A elite cosmopolita fornece os valores e os quadros para promover, no governo, economia e terceiro setor, uma versão do que seria “justiça social” que ignora completamente a realidade comunitária e simbólica do proletariado cultural
Ele já esteve por aqui antes; participou, em 2016, do 9.º congresso do Grupo de Institutos, Fundações e Empresas (Gife), que reúne investidores sociais privados do Brasil e promove a cultura da filantropia. O Gife inclui pesos-pesados como Fundação Norberto Odebrecht, Fundação Bradesco, Fundação Banco do Brasil, Fundação Cargill, Grupo Volkswagen, Fundação Lemann, Fundação Roberto Marinho e a própria Ford; mas há muitas outras, financiando e sendo financiadas. Seu investimento social combinado anual gira em torno de US$ 5 bilhões. A agenda geral é o “bem comum”, incluindo-se entre as suas prioridades a democracia, direitos básicos e o combate à desigualdade e à discriminação. Na ocasião, Walker declarou, sobre a Fundação Ford, que “nosso papel é de dar voz a representantes de pessoas da sociedade que são desfavorecidas, apoiar suas instituições, liderança e ideias”. O ponto merece destaque: a Ford não apenas investe em projetos sociais, assim como os gestores do Gife: eles investem nas ideias de pessoas desfavorecidas.
Pois bem: devo dizer que não acredito nas palavras de Warren; mas não é por descrer de sua honestidade pessoal ou das suas intenções, de modo algum. Não acredito nele porque minha pobre sociologia não me permite crer em sua posição institucional. Quanto a organizações como Rockefeller e Ford, confesso meu ateísmo.
O caso é que vivemos, neste momento, no fogo cruzado de uma nova guerra de classes, entre uma elite gerencial, com valores cosmopolitas, individualistas e laicistas, e um largo proletariado cultural e financeiro, com apoios aqui e ali de uma pequena elite conservadora. Cito Michael Lind, em The New Class War:
“A Guerra Fria foi seguida pela guerra de classes. Uma guerra de classes transatlântica explodiu simultaneamente em muitos países ocidentais entre elites posicionadas nos setores corporativos, financeiros, governamentais, midiáticos e educacionais, e populistas de classe trabalhadora desproporcionalmente nativos.
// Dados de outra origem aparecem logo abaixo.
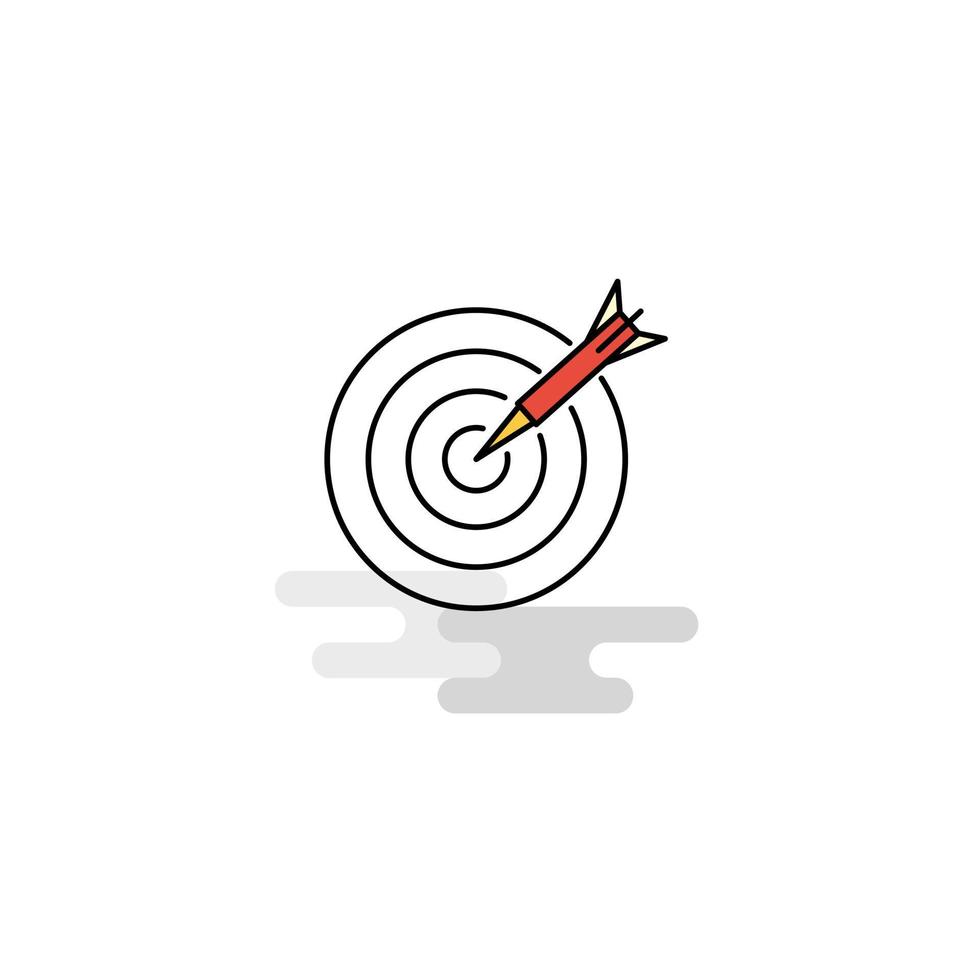 Flat Dart Icon Vector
O velho espectro de esquerda e direita deu lugar a uma nova dicotomia na política, entre os de dentro (insiders) e os de fora (outsiders).”
A classe gerencial ou administrativa, segundo Lind, é constituída primariamente por burocratas públicos e privados que controlam grandes corporações locais e internacionais, agências governamentais e as organizações do terceiro setor. Essa classe, como a antiga burguesia latifundiária, transmite sua herança de forma hereditária, através do sistema de credenciamento universitário, no qual “os graus acadêmicos são os novos títulos de nobreza e os diplomas, os novos brasões de armas”. Mas não é que não haja mobilidade social nesse sistema; representantes do proletariado cultural são admitidos condicionalmente, na medida em que recebem o credenciamento e trabalham sem questionar a visão de mundo da classe, que é basicamente o individualismo expressivo (na definição de Robert Bellah).
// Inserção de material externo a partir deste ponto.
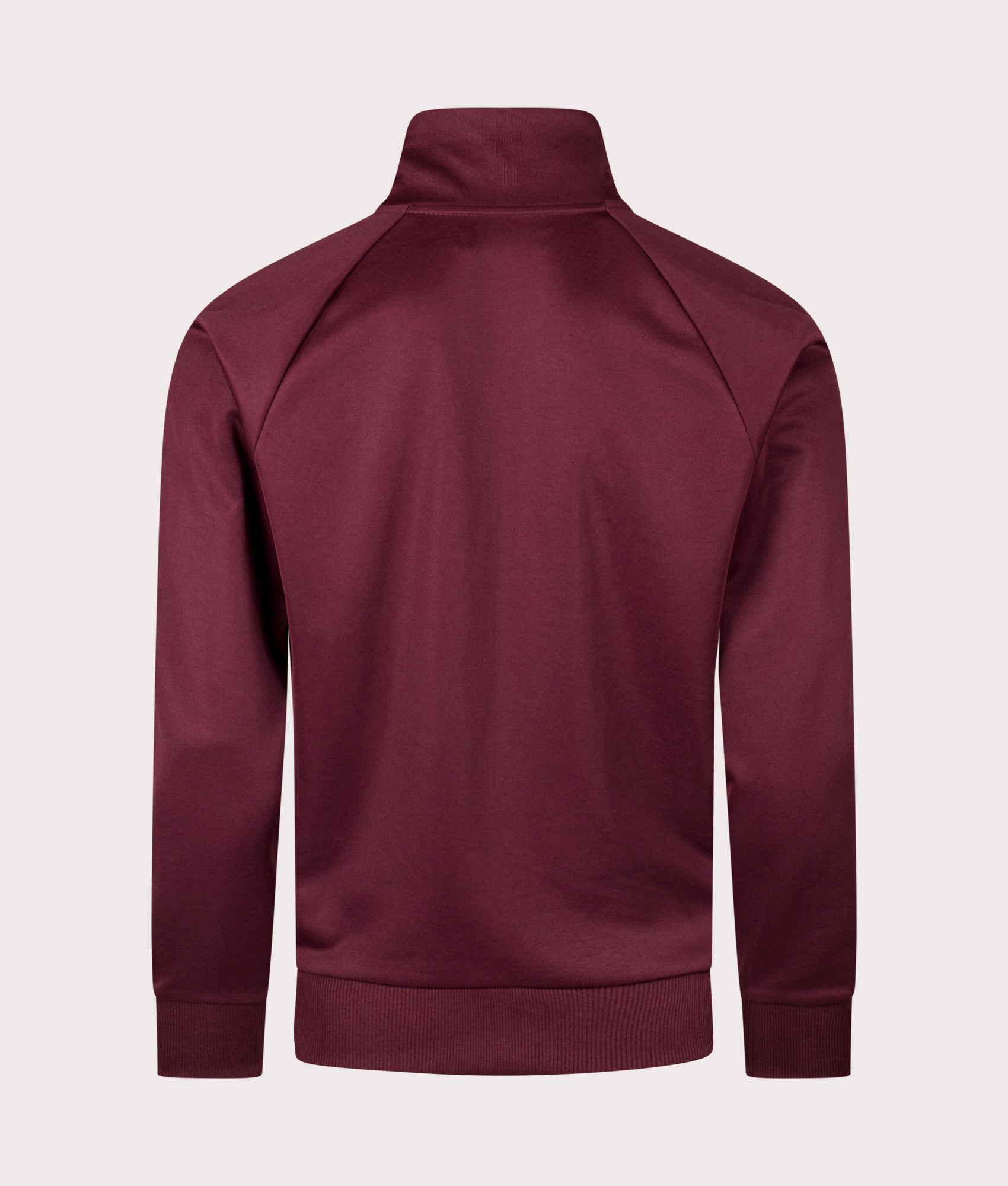 Argyle Track Jacket by Fred Perry in Oxblood. Shot by EQVVS. Back shot.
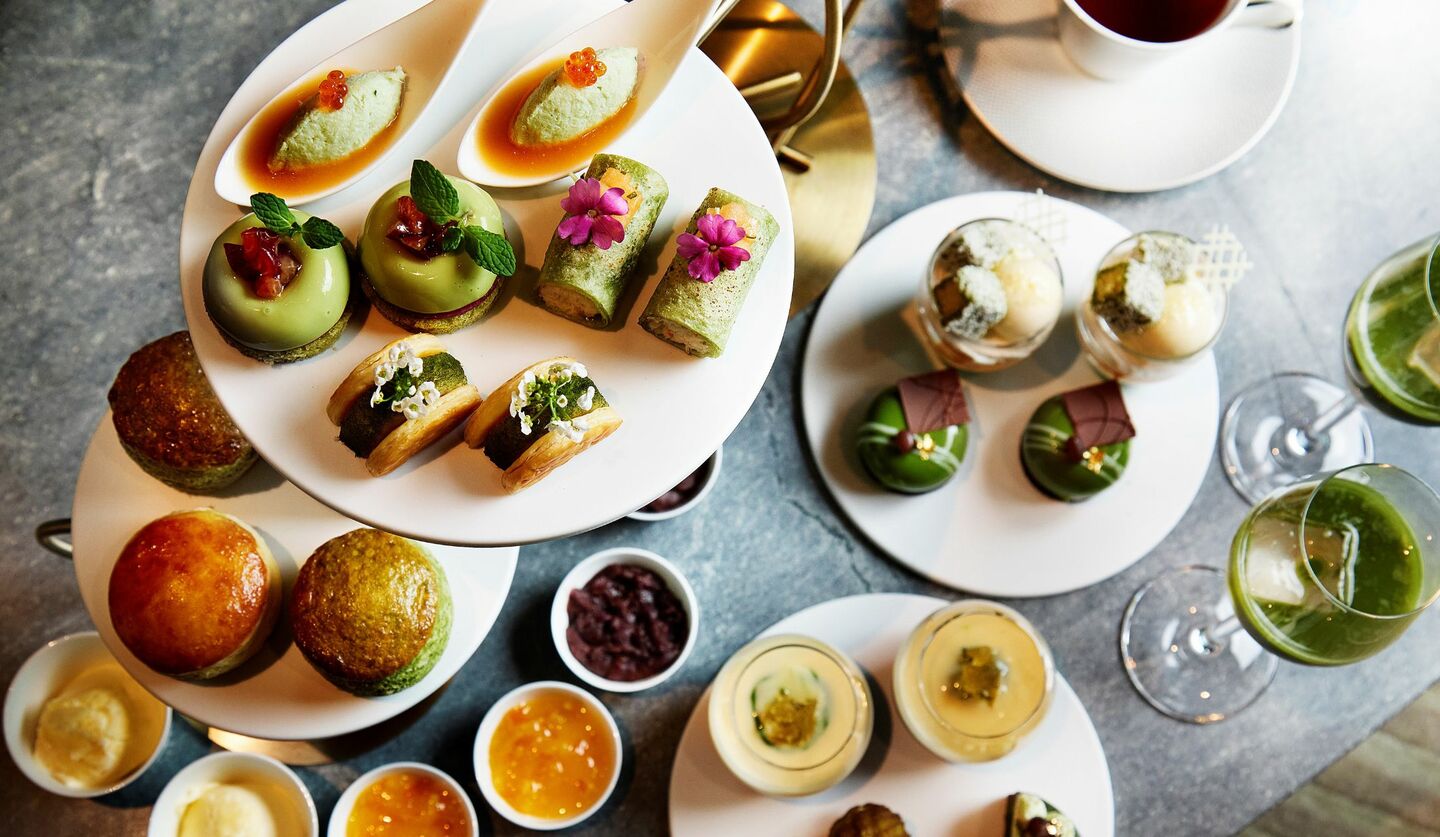 JWマリオット・ホテル東京の「JW抹茶アフタヌーンティー」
Considere uma organização como o Gife: há os capitalistas, que possuem a grana, e há a classe que é paga para fornecer a inteligência do investimento social. A elite cosmopolita é quem fornece os valores e os quadros para cumprir esse papel no governo, economia e terceiro setor, promovendo uma versão do que seria “justiça social” que ignora completamente a realidade comunitária e simbólica do proletariado. Sua religião, sua moralidade, seus enraizamentos locais e familiares são invisíveis para essa elite, que deseja comunicar às massas a sua visão de mundo. Ora, essa elite quer promover a democracia, e entrega uma grana a uma burocracia tecnocrática em nome da democracia.
Mas o mundo é complicado; as mesmas massas proletárias que são objeto de amor e compaixão das elites tecnocráticas vêm apoiando cada vez mais movimentos contrários aos valores dessa elite. Diz Lind:
“A revolução tecnocrática neoliberal de cima para baixo, conduzida sucessivamente pelas nações ocidentais por uma elite gerencial cada vez mais agressiva e poderosa, tem provocado um backlash populista de baixo para cima, por uma classe trabalhadora nativa defensiva e desempoderada.”
Nós, negros crentes, não rejeitamos o wokeísmo para mascarar “racismo” nenhum. A elite cosmopolita é que usa o antirracismo para justificar sua cruzada contra nossos valores religiosos
Quem é Darren Walker? Um insider, evidentemente. Um legítimo representante da elite gerencial/cosmopolita, preocupado, sim, com justiça e igualdade, mas absolutamente despreocupado com o compartilhamento do poder com o proletariado cultural. Sua compreensão da justiça social-democrata-liberal-woke inclui, na área dos “costumes” (gênero, ética sexual, família e “direitos reprodutivos”), visões completamente contrárias ao cristianismo.
Na entrevista à Folha isso fica bem claro; Walker se mostra preocupado com o Brasil, que ele chama de “farol para o mundo”. Não, ele não está preocupado com tolerância ou pluralismo democrático, mas com “as ideias das pessoas desfavorecidas”. Lamentando a crise do wokeísmo nos EUA, faz advertências sobre a necessidade de resistir a essas tendências no Brasil, e acusa o anti-wokeísmo de ser uma máscara do racismo.
Mas há um sério problema quanto ao Brasil, sobre o qual me pergunto se Walker tem consciência. O problema é que o grupo mais negro do país é o campo evangélico e católico conservador. As elites privilegiadas, por aqui, são as mais “embranquecidas” e as mais secularizadas. E o nosso proletariado cultural, cristão, também é um proletariado econômico. Nós somos o lado de baixo na nova guerra de classes, e Walker, negro e liberal-progressista, assim como os gestores de fundos do Gife, é o lado de cima. Nós, do lado de baixo, concordamos sobre inclusão social, sobre combater o racismo, sobre igualdade; mas jamais concordaremos com a pauta de costumes da elite cosmopolita e da Fundação Ford. Nós, negros crentes, não rejeitamos o wokeísmo para mascarar “racismo” nenhum. A elite cosmopolita é que usa o antirracismo para justificar sua cruzada contra nossos valores religiosos e financiar, por exemplo, visões sobre gênero e aborto que insultam o brasileiro pobre. Se Walker levasse a sério “as ideias das pessoas desfavorecidas”, precisaria levar a sério ideias-de-crente.
A Fundação Ford quer nos comprar com dinheiro. Quer nos comprar com promessas de justiça social e de uma sociedade melhor. E não vai custar nadinha: só a nossa alma.